To merge multiple columns into 1, use `merged_prompt`.
* Enclose all columns in curly braces `{}`.
* Optional text must be enclused in `[[]]`. For example if the column "Pclass" is empty, the merging function will not show the text and skp this. This is useful for datasets with missing values.
* You can select every column, or a few!
* Select the output or target / prediction column in `output_column_name`. For the Alpaca dataset, this will be `output`.
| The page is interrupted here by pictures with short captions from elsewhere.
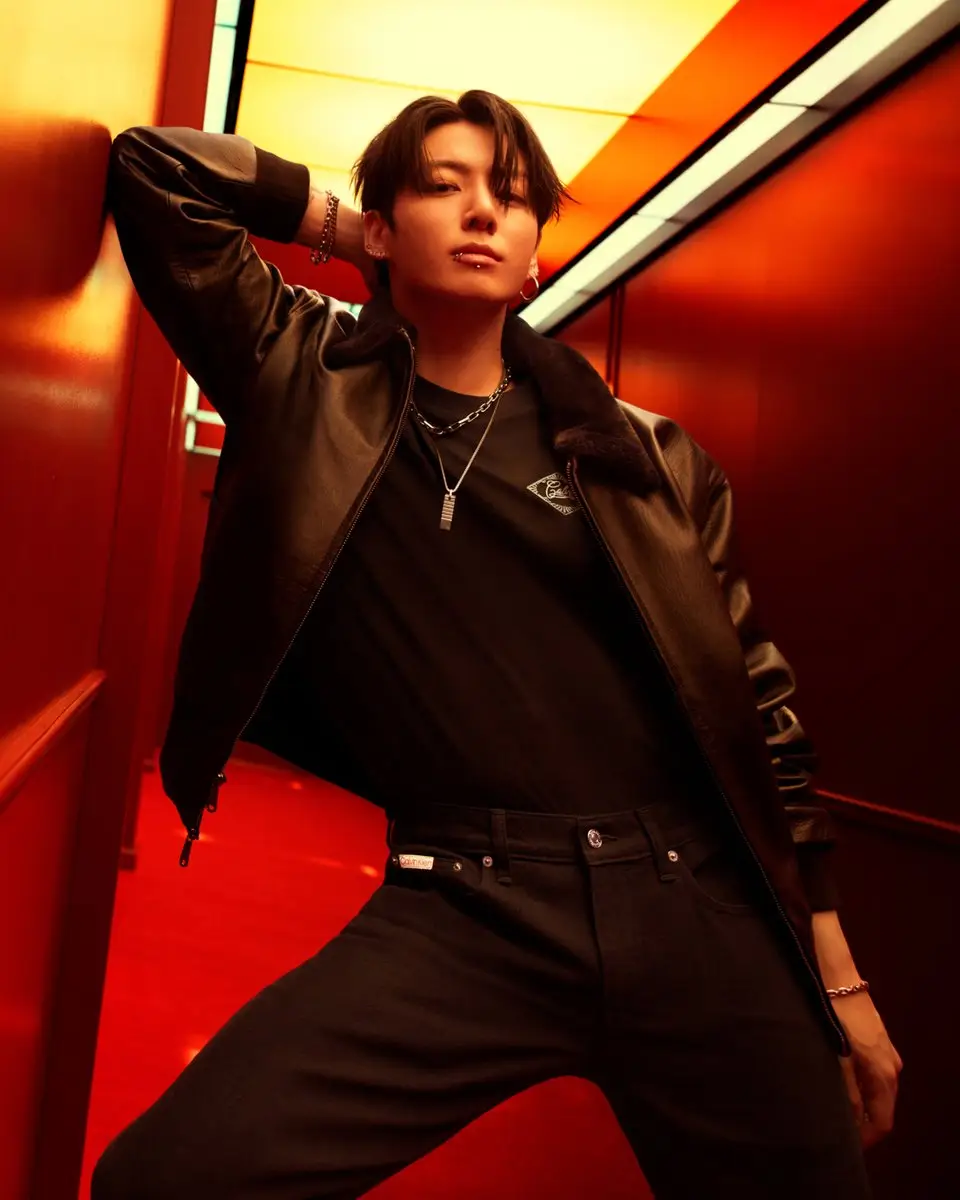 pingsan ditempat gw🧎‍♀️🙇‍♀️ #jeonjungkook#jungkook#calvinklein#foryoupage#fpyviralシ 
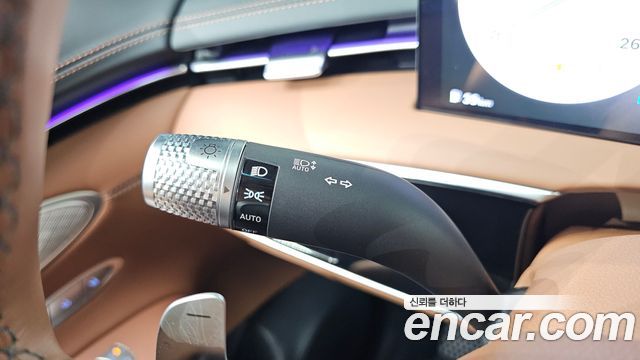 Genesis GV70 2.5T Gasoline 2WD 2025 — фото 38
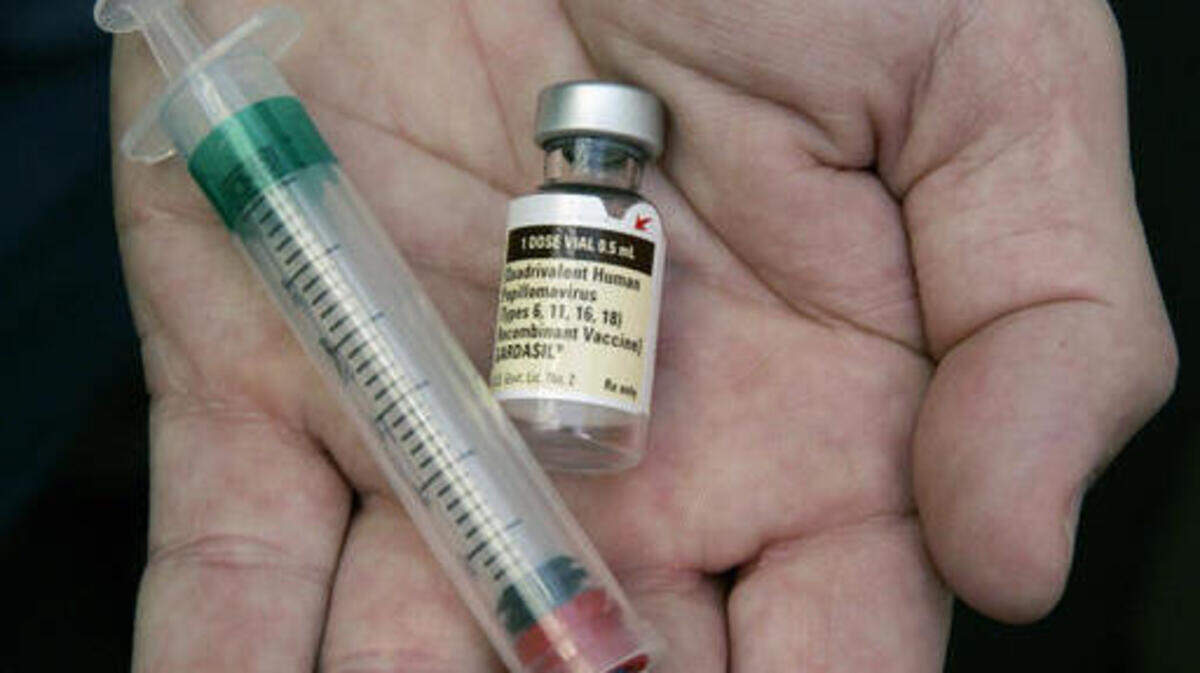 Head and neck cancers traditionally linked to alcohol and tobacco use are now more strongly tied to human papilloma virus (HPV), a study says.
To make the finetune handle multiple turns (like in ChatGPT), we have to create a "fake" dataset with multiple turns - we use `conversation_extension` to randomnly select some conversations from the dataset, and pack them together into 1 conversation.

In [7]:
from unsloth import to_sharegpt

dataset = to_sharegpt(
    dataset,
    merged_prompt="{instruction}[[\nYour input is:\n{input}]]",
    output_column_name="output",
    conversation_extension=3,  # Select more to handle longer conversations
)

In [9]:
print(dataset)
print(dataset[0])

Dataset({
    features: ['conversations'],
    num_rows: 52002
})
{'conversations': [{'from': 'human', 'value': 'Give three tips for staying healthy.'}, {'from': 'gpt', 'value': '1. Eat a balanced and nutritious diet: Make sure your meals are inclusive of a variety of fruits and vegetables, lean protein, whole grains, and healthy fats. This helps to provide your body with the essential nutrients to function at its best and can help prevent chronic diseases.\n\n2. Engage in regular physical activity: Exercise is crucial for maintaining strong bones, muscles, and cardiovascular health. Aim for at least 150 minutes of moderate aerobic exercise or 75 minutes of vigorous exercise each week.\n\n3. Get enough sleep: Getting enough quality sleep is crucial for physical and mental well-being. It helps to regulate mood, improve cognitive function, and supports healthy growth and immune function. Aim for 7-9 hours of sleep each night.'}, {'from': 'human', 'value': 'Describe what a monotheistic re

Finally use `standardize_sharegpt` to fix up the dataset!

In [10]:
from unsloth import standardize_sharegpt

dataset = standardize_sharegpt(dataset)

In [11]:
print(dataset)
print(dataset[0])

Dataset({
    features: ['conversations'],
    num_rows: 52002
})
{'conversations': [{'content': 'Give three tips for staying healthy.', 'role': 'user'}, {'content': '1. Eat a balanced and nutritious diet: Make sure your meals are inclusive of a variety of fruits and vegetables, lean protein, whole grains, and healthy fats. This helps to provide your body with the essential nutrients to function at its best and can help prevent chronic diseases.\n\n2. Engage in regular physical activity: Exercise is crucial for maintaining strong bones, muscles, and cardiovascular health. Aim for at least 150 minutes of moderate aerobic exercise or 75 minutes of vigorous exercise each week.\n\n3. Get enough sleep: Getting enough quality sleep is crucial for physical and mental well-being. It helps to regulate mood, improve cognitive function, and supports healthy growth and immune function. Aim for 7-9 hours of sleep each night.', 'role': 'assistant'}, {'content': 'Describe what a monotheistic religion

### Customizable Chat Templates

You also need to specify a chat template.

Now, you have to use `{INPUT}` for the instruction and `{OUTPUT}` for the response.

We also allow you to use an optional `{SYSTEM}` field. This is useful for Ollama when you want to use a custom system prompt (also like in ChatGPT).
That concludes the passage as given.